Having gone back and re-read Ewan's piece, I still see it as a reporting of something he's read - which is, of course, what he says at the start. For one, I haven't read the original at all and therefore am indebted to Ewan for sharing what it says. I've just done the same on my own blog, in a lesser sort of way - quoted someone verbatim and drawn a small parallel with my own thinking without making any further comment. I don't regard that as "spin". (You can check for yourself - I'm not going to spam you with a link!)

Bill Kerr said...

tom: this study says "spending money alone will not improve your schools, but we are going to recommend doing several things to improve schools which will be expensive."

Not quite right. It is saying that it can be done with less expense than you might have thought. ie. rather than reduce class sizes reform the teacher selection process to improve teacher quality. Spend other dollars strategically to improve the status of teachers (huge problem)

ie. if we play our cards right we can get smarter teachers to work harder and not leave the profession for less or equivalent dollars than what we are currently doing (reducing class size)

tom:
Those aren't three quick steps. That's a generational scale change. Step one is reforming pre-service education for teachers, which is itself a microcosm of the problems of schooling in general


What McKinsey recommends is to decouple teacher selection from the microcosm of the problems in schools in general. There is some sleight of hand here, which I see as the real weakness of the report

Kinsey recommends copying Finland and Singapore. Select quality teachers before teacher training starts, not afterwards. This is the equivalent of what Private Schools do in Australia -->> get rid of the problem students to improve the learning environment for the remainder

McKinsey:
"... the quality of any classroom experience is highly dependent on the quality of people in the classroom"

McKinsey sees this wrt teacher selection but then fudges the same point when it comes to achievement for all. The final part of the report ("delivering for every child") is highly suspect because exactly the same considerations apply but this time for students in disadvantaged schools

Tom Hoffman said...

If there was a proposal on the table in, say, Scotland, to slash class sizes as the sole driver of education reform, and it was sufficiently far along that it provided a baseline for the cost of reform, in that context you might be able to say the McKinsey proposals are no more expensive, maybe a little cheaper.

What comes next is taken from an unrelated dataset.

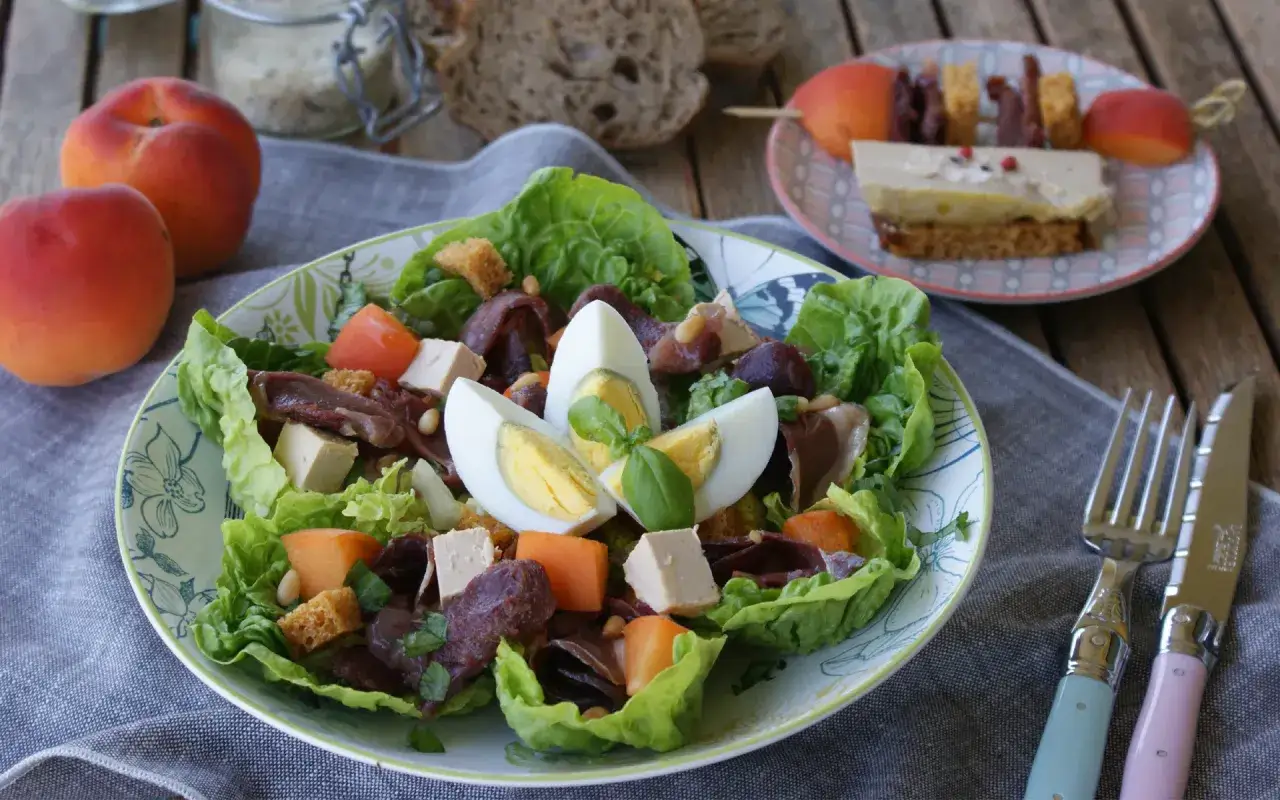 Salade périgourdine : laitue, dés de foie gras, magret fumé, œuf dur, croûtons et fruits secs. Un délice !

But if the baseline is the US status quo, it is all pretty clearly more expensive, particularly if you aren't living a fantasy land where middle class parents would accept their childrens' class sizes going up. Or the fantasy land where you start the drive to increase the status of teachers by unilaterally firing a bunch of them to cut costs.

Bill Kerr said...

OK, I'll rephrase

McKinsey is not cheap but its underlying rationale is a cost-benefit analysis. ie. we should be running schools like intelligent bosses run their business. Education has moved up the ladder in terms of importance to your countries place on the OECD productivity lists. So, its time to sell realistic but achievable suggestions for reform which is expensive but not too expensive. Disadvantaged schools will remain screwed because they are the ones that need smaller class sizes.

(please read this independent of your disagreement with ewan)

Tom Hoffman said...

Bill,

That sounds right. I do basically agree with the goals of the report, given how they've framed the problem.